A sales exec at a place I worked at, asked me how companies like Apple made their products look so so much more professional than ours. Umm, billions of dollars in revenue and hundreds, if not thousands, of developers and artists, I replied. Yeah he wasn’t the sharpest crayon in the box and I’m glad he retired where he couldn’t cause any more damage.

[–] [email protected] 12 points 1 year ago (2 children)

“Make it look like google.”

Sure. Do you have a billion dollars for this project? No? Okay. You get one half resource junior UI designer.

[–] [email protected] 5 points 1 year ago* (last edited 1 year ago) (1 children)

Don't forget to mention said resource was unable to get hired at a job that paid better than your company.... (which, no offense, isn't likely to be very good if you're having this kind of conversation)

[–] [email protected] 8 points 1 year ago

We tended to have very expensive engineers and very cheap designers. That was emblematic of where customers placed their value and, thus, where management placed their priority in hiring.

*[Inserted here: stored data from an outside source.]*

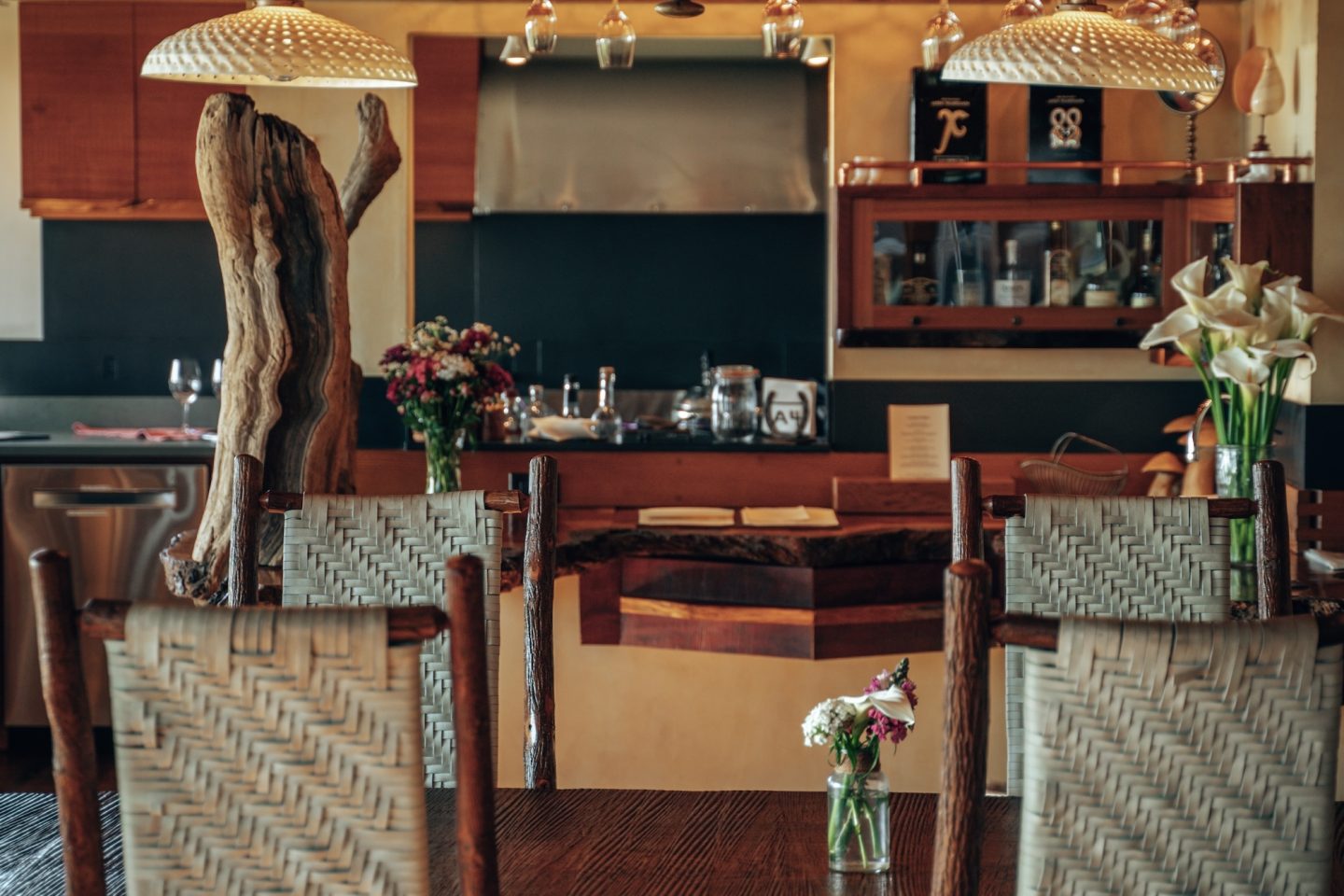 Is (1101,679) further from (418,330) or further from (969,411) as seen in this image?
(969,411)

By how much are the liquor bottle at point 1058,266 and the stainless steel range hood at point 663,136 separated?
1.09 m

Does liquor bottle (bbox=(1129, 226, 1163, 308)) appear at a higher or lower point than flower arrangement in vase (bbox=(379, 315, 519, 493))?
higher

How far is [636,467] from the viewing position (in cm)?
473

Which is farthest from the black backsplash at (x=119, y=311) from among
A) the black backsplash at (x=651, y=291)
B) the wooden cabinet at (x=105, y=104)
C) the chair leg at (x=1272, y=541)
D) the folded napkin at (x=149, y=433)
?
the chair leg at (x=1272, y=541)

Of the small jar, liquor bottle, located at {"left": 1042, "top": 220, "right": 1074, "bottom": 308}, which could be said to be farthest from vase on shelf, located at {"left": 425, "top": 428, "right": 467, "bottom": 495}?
liquor bottle, located at {"left": 1042, "top": 220, "right": 1074, "bottom": 308}

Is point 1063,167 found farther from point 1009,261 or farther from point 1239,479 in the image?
point 1239,479

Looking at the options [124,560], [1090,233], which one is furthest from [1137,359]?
[124,560]

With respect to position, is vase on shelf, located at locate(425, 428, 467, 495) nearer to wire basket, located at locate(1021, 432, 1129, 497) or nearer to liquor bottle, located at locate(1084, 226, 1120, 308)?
wire basket, located at locate(1021, 432, 1129, 497)

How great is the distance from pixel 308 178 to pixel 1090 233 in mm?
2409

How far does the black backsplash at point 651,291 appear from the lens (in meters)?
5.99

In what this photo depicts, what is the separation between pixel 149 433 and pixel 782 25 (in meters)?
3.26

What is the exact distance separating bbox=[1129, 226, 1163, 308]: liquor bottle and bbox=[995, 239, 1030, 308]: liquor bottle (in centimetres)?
33

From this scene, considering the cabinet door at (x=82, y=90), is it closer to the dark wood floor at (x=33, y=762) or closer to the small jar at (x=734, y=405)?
the dark wood floor at (x=33, y=762)

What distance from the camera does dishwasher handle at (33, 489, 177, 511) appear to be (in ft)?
15.6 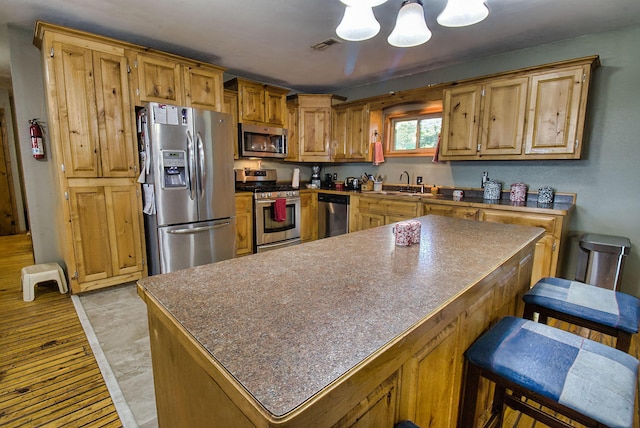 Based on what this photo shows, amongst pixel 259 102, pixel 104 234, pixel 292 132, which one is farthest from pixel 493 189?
pixel 104 234

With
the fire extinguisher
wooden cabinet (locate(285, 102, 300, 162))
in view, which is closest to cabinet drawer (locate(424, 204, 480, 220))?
wooden cabinet (locate(285, 102, 300, 162))

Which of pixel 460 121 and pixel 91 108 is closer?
pixel 91 108

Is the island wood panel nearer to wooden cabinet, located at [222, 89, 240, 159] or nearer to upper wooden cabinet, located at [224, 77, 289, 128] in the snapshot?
wooden cabinet, located at [222, 89, 240, 159]

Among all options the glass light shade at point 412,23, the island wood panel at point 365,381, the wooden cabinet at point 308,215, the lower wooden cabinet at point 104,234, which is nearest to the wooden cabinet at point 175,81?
the lower wooden cabinet at point 104,234

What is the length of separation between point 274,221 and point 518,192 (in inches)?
115

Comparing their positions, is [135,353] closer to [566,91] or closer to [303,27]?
[303,27]

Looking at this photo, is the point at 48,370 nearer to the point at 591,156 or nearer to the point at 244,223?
the point at 244,223

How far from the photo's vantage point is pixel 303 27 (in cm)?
282

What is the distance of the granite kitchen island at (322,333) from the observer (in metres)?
0.56

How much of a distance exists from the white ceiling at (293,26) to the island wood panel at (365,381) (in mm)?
2364

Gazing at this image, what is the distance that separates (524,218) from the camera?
2.88 meters

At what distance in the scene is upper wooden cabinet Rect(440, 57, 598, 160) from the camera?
9.07 ft

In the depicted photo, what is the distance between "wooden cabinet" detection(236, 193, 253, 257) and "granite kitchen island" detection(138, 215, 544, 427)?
2.68 m

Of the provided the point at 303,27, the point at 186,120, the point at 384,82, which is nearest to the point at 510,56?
the point at 384,82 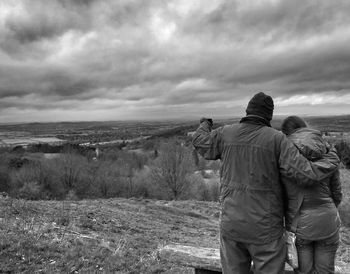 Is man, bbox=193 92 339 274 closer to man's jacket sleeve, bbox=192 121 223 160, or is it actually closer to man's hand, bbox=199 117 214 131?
man's jacket sleeve, bbox=192 121 223 160

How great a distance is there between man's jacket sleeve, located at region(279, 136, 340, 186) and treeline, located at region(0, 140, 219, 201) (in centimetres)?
2870

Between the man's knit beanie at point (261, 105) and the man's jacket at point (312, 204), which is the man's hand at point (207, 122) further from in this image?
the man's jacket at point (312, 204)

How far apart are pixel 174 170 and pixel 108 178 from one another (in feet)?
26.7

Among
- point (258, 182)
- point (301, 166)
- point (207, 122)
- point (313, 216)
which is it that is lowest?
point (313, 216)

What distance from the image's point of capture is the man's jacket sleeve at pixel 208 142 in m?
3.04

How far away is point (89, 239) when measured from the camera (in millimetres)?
6258

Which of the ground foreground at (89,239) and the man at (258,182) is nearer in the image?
the man at (258,182)

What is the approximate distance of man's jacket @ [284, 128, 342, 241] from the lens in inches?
108

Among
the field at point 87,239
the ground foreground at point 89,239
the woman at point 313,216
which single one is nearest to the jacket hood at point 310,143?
the woman at point 313,216

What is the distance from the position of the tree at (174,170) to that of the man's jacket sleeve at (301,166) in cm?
2869

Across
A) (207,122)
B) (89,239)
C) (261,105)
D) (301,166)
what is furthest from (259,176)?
(89,239)

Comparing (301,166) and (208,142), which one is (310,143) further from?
(208,142)

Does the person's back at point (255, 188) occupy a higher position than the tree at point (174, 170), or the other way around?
the person's back at point (255, 188)

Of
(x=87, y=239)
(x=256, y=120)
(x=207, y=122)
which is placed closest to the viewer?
(x=256, y=120) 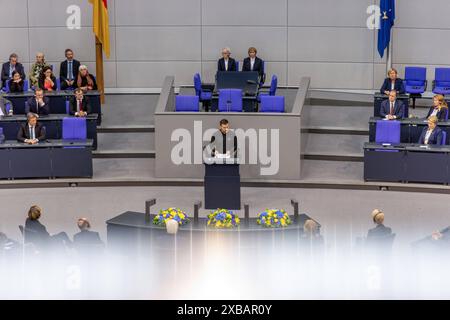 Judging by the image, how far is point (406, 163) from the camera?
45.3 ft

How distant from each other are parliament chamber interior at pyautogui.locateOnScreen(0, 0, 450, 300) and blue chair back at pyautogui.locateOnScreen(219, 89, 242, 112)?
3 centimetres

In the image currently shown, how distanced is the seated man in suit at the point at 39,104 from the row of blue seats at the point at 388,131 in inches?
228

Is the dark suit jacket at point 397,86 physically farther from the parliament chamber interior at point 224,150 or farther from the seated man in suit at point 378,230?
the seated man in suit at point 378,230

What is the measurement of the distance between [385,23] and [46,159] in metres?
7.67

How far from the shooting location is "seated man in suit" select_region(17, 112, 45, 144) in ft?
46.2

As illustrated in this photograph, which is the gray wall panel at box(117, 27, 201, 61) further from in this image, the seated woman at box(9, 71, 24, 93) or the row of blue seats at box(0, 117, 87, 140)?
the row of blue seats at box(0, 117, 87, 140)

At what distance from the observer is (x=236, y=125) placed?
14.2m

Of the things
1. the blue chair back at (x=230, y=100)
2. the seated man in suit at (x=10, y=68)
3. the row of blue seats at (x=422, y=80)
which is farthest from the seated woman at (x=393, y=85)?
the seated man in suit at (x=10, y=68)

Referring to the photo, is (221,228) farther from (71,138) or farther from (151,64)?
(151,64)

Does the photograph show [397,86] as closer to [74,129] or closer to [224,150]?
[224,150]

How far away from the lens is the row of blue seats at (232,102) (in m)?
14.9

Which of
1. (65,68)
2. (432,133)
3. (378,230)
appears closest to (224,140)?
(432,133) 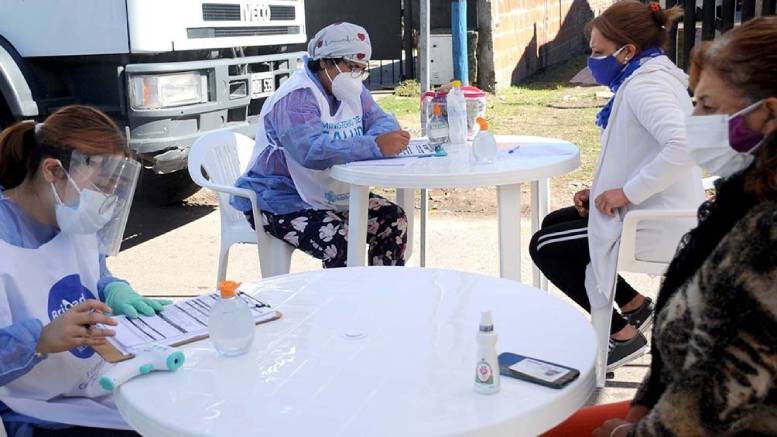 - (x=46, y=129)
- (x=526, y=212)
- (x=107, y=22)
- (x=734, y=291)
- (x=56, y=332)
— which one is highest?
(x=107, y=22)

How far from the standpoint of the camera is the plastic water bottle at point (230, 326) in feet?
6.39

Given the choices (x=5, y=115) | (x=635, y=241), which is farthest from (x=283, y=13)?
(x=635, y=241)

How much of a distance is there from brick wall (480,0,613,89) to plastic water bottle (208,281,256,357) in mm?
9364

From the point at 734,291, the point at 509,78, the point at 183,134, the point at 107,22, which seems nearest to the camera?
the point at 734,291

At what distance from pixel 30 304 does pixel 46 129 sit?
426 mm

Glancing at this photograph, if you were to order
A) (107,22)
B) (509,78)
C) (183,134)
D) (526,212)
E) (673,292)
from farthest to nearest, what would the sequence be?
(509,78) < (526,212) < (183,134) < (107,22) < (673,292)

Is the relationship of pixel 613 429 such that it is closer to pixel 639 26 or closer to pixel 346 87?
pixel 639 26

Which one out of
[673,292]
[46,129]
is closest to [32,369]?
[46,129]

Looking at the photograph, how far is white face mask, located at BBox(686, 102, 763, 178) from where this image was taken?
1741 millimetres

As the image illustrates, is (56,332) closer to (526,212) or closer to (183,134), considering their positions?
(183,134)

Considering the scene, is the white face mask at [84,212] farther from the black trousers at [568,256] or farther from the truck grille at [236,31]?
the truck grille at [236,31]

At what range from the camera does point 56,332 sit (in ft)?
6.27

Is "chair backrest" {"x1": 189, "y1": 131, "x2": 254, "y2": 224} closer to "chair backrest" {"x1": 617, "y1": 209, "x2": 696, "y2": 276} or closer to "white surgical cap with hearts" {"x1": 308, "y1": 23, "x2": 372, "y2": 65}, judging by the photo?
"white surgical cap with hearts" {"x1": 308, "y1": 23, "x2": 372, "y2": 65}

That said, of the four designers… one went to NASA, one went to Amazon, one went to McDonald’s (leading global service design research) and then to Lyft.

They were very talented folks

[–] [email protected] -1 points 1 year ago (1 children)

The UI design of Google isn't very hard to emulate, even by a junior frontend developer. It's the backend that's the really compel stuff.

[–] [email protected] 8 points 1 year ago

I think you’re vastly underestimating the amount of research and work that goes into making Google products so easy to use.

UI isn’t just a front end development mashing their keyboard with HTML, CSS and JS. It’s hours and hours of observation, research, prototyping, pattern identification, prioritization of information, experimentation and then you create a simple white screen with one input box that does a million things.

[–] intelati 8 points 1 year ago (1 children)

The insane thing to me is that even if MediaWiki shut down completely with no warning, I bet we wouldn't lose anything. We got people backing it up instantly

[–] [email protected] 6 points 1 year ago

But you would need a new foundation, or those copies will stop being collaboratively updated. In addition, it would be difficult for people to access the information again, without a new website.